Great Depression vs Todays market advance

This week, the stock market achieved over 100% gains from the bottom of the stock market in march 2009, 102 weeks ago. The low was S&P 500 at 666, and this past week the S&P 500 hit 1,344.

The question is, has the market ever achieved such stellar returns in the last 100 years of the US stock market? The answer is yes! Twice before.

The years such dramatic gains you would think would have been the go go 80's, or the Internet boom of 2000. Maybe the end of World War 2 when the European manufacturing was destroyed, and the US enjoyed a manufacturing boom.

Nope, you'd be wrong. The last time the markets returns exceeded 100% in 102 weeks was The Great Depression, in the 1930's.

The years where 1934 and 1937. This factoid is from The Chart Store, from their paid service, so I can't link to the data or charts.

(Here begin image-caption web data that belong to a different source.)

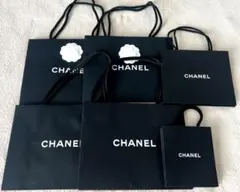 CHANEL ショッパー　17枚セット CHANEL ショッパー 17枚セット CHANEL シャネル ショップ袋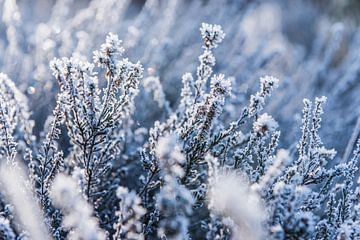 Winter details in het Witte Veen 3 | Bevroren heide van Ratna Bosch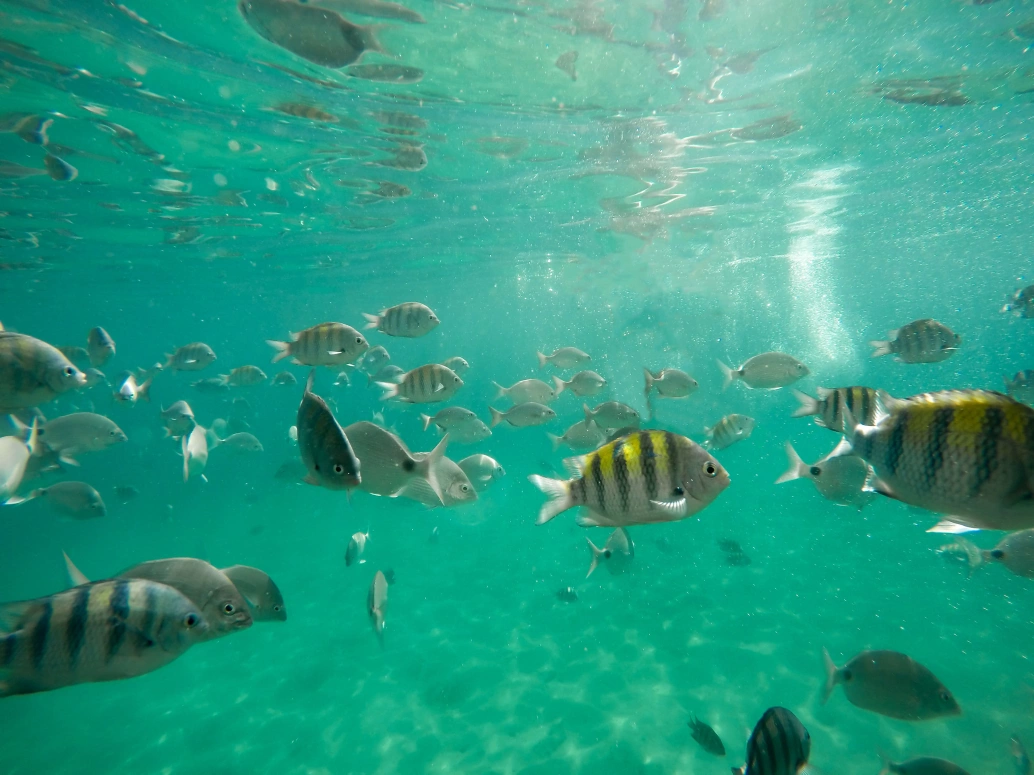 Vista debaixo d'água, mar esverdeado com diversos peixes multicoloridos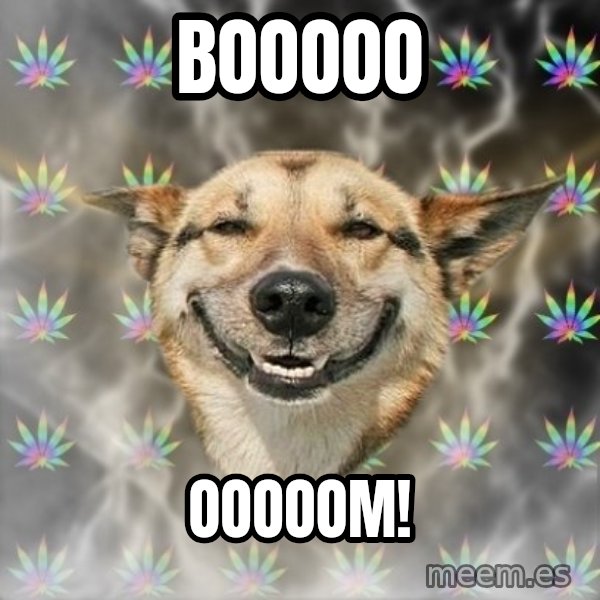 Stoner Dog meme: BOOOOO / OOOOOM!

But it makes you think, anything with such stellar gains eventually has a payback. The tremendous gains in the Great Depression did not last, and the market collapsed each time. In 1934 the gain was about 140%, and 1937 about 135%. We are only at 101%, so if history is an indicator, there is some upward advance still possible.

In 1937, the timeline from the bottom to the top, if repeated, means this Friday will be the top. Compared to 1934 there is a few more weeks left.

Will history repeat itself, or is "this time different"?